Le meilleur, c’est Joffrin ;

17 octobre 2018
La lettre politique
de Laurent Joffrin
Macronimus le prophète

Dans l’Etoile mystérieuse, Tintin est poursuivi par un personnage inquiétant qui déambule dans une robe blanche et fait résonner un gong en psalmodiant des lugubres prédictions : « Repentez-vous ! », « La fin est proche », « C’est la fin du monde ! », etc. C’est Philippulus le prophète, l’oiseau de malheur qui hante les premières planches de l’album.

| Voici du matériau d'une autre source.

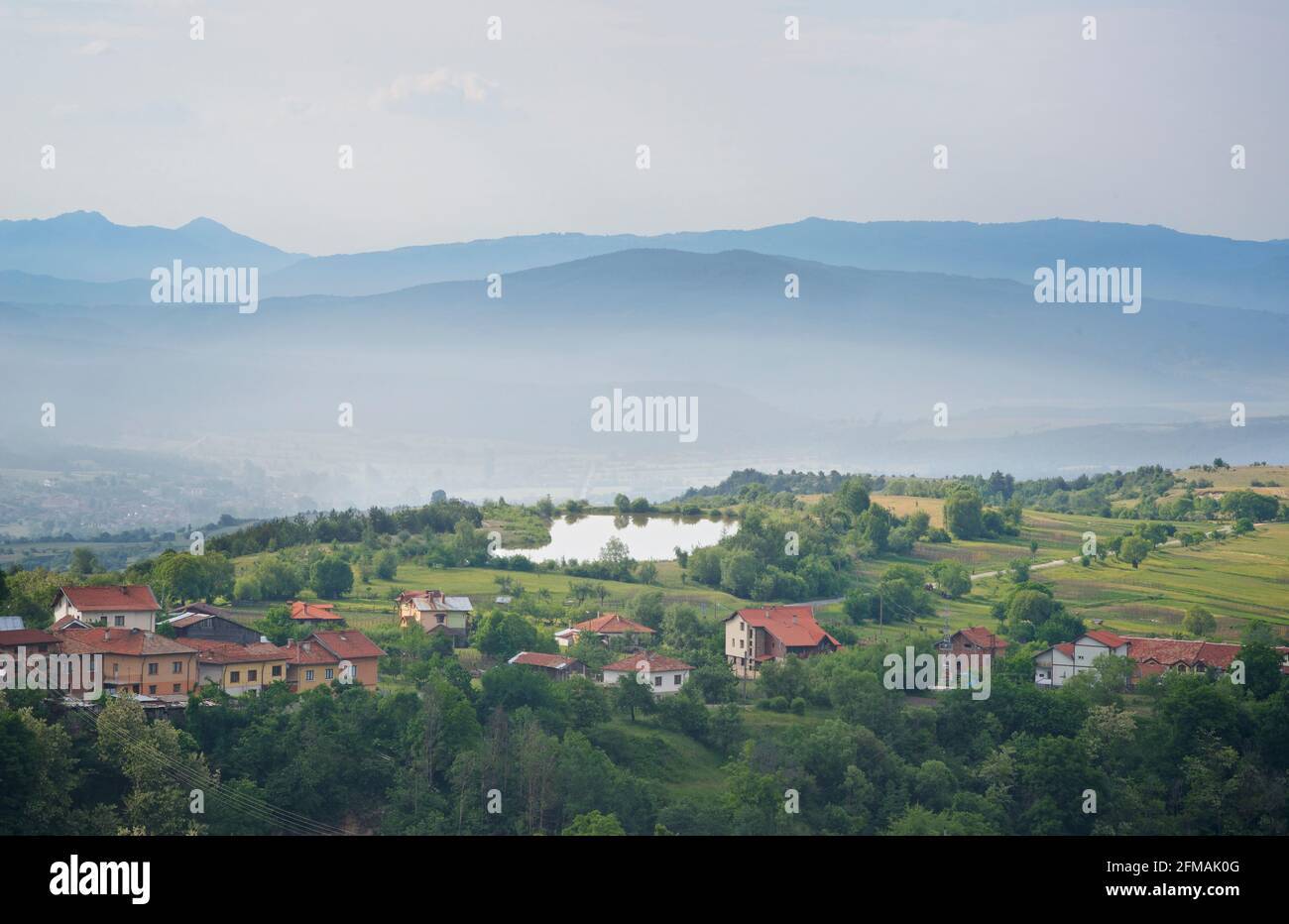 View of Gorno Draglishte and surrounding countryside from the hills above town. Razlog Municipality, Blagoevgrad province, Bulgaria Stock Photo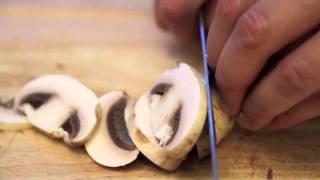 Knife Skills How To Slice Mushrooms [upl. by Yvor]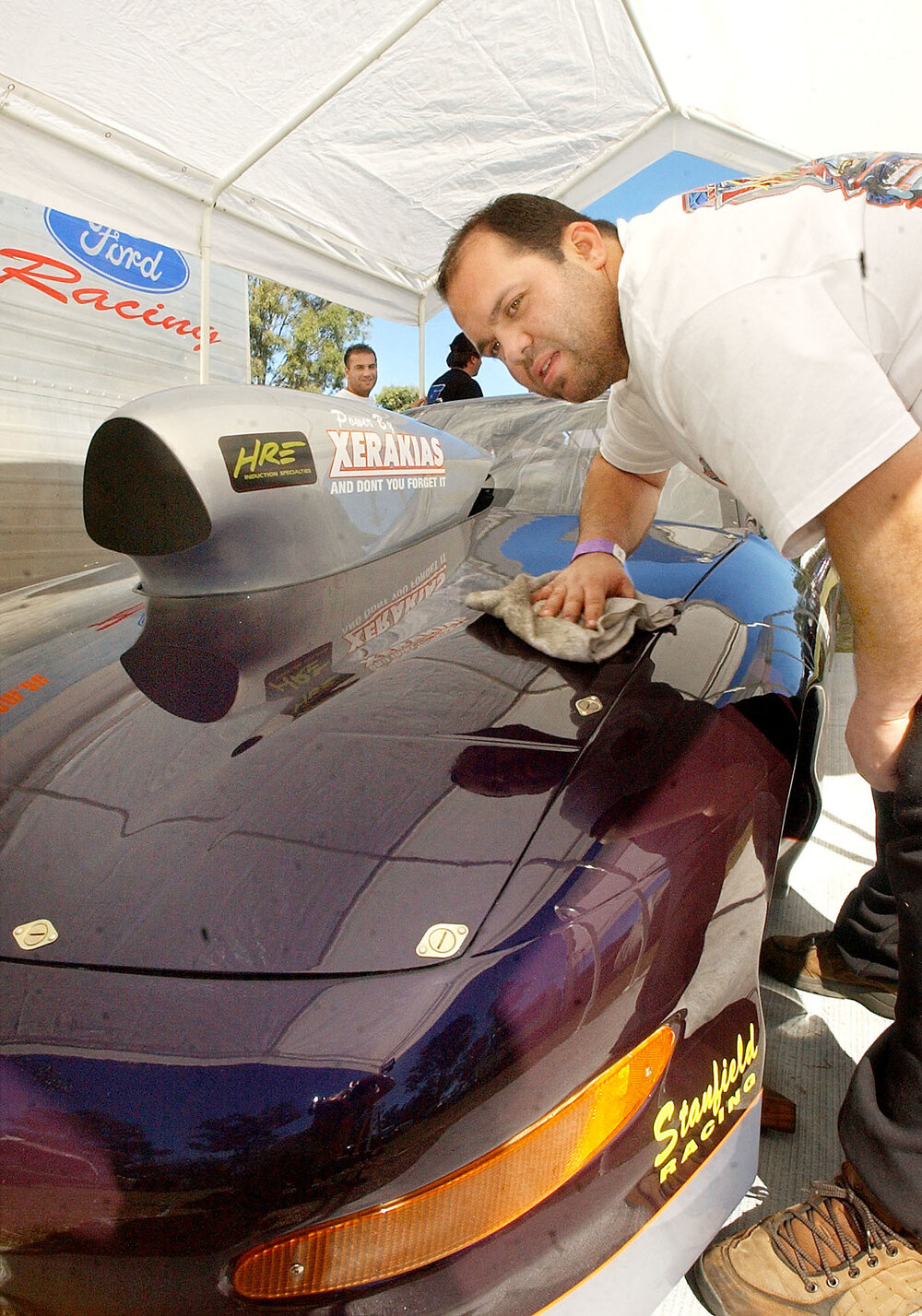 Adrian Gallo polishing up the Xerakias Team drag racing car, Ipswich, June 2003 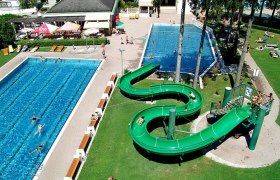 Luftaufnahme eines Freibads mit zwei Becken und einer grünen Wasserrutsche.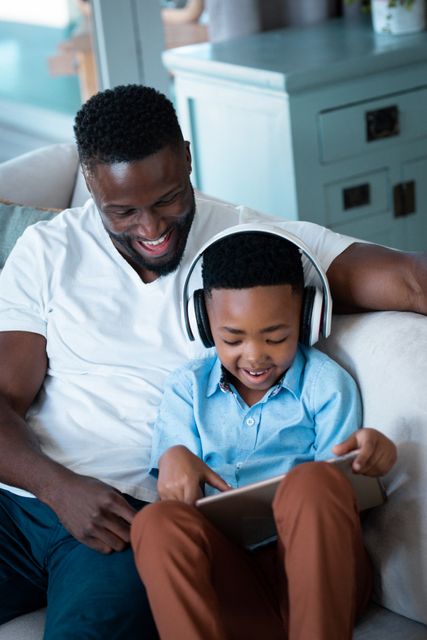 African American father and son sitting on a sofa, enjoying time together while using a tablet. The son is wearing headphones and smiling, indicating a fun and engaging activity. This image is perfect for illustrating family bonding, modern parenting, and the use of technology in everyday life. Ideal for use in advertisements, blogs, and articles about family life, technology, and home entertainment.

Voici maintenant « Macronimus le prophète ». Dans un clair-obscur inquiétant, le président s’est adressé au pays avec une homélie crépusculaire. Etrange mise en scène digne de l’Exorciste  : lumière sombre, ton grave et punchlines lugubres. Ce monde est dangereux, la France est blessée, l’Europe bascule dans le nationalisme. Toutes choses qui ne sont pas fausses mais que la forme de l’intervention a outrancièrement soulignées, rejetant au second plan l’appel à la confiance et à l’action qui faisaient le fond de sauce du propos. Il y a là de quoi savonner la tête de quelques communicants…

Cultivé – c’est un atout appréciable –, le Président, par ses allusions, a mis en miroir deux livres, la Fin de l’histoire de Francis Fukuyama et les Somnambules de Christopher Clark. Le premier proclamait sa foi dans la victoire de la démocratie ; il est obsolète. Le deuxième décrivait l’inconscience criminelle des dirigeants européens à la veille de la Grande Guerre ; il est d’une actualité criante. Voilà qui va nous rassurer.

Pourtant le Président avait des arguments : il a mené à bien une série impressionnante de réformes, son remaniement est équilibré et le vaisseau gouvernemental reste dans ses lignes, le cap du changement est maintenu, et qu’on aime ou non la politique en cours, c’est un signe de cohérence. Mais tout cela a été encastré dans un message sinistre et une réalisation funèbre. Le format avait le grand mérite d’éviter tout questionnement journalistique sur la séquence baroque qui vient de se dérouler. Il s’agissait de prendre de la hauteur, loin des tracassins du rituel médiatique. Mais on est passé de Jupiter à Cassandre. Ou à Hergé. Il n’y manquait que le gong et la robe blanche.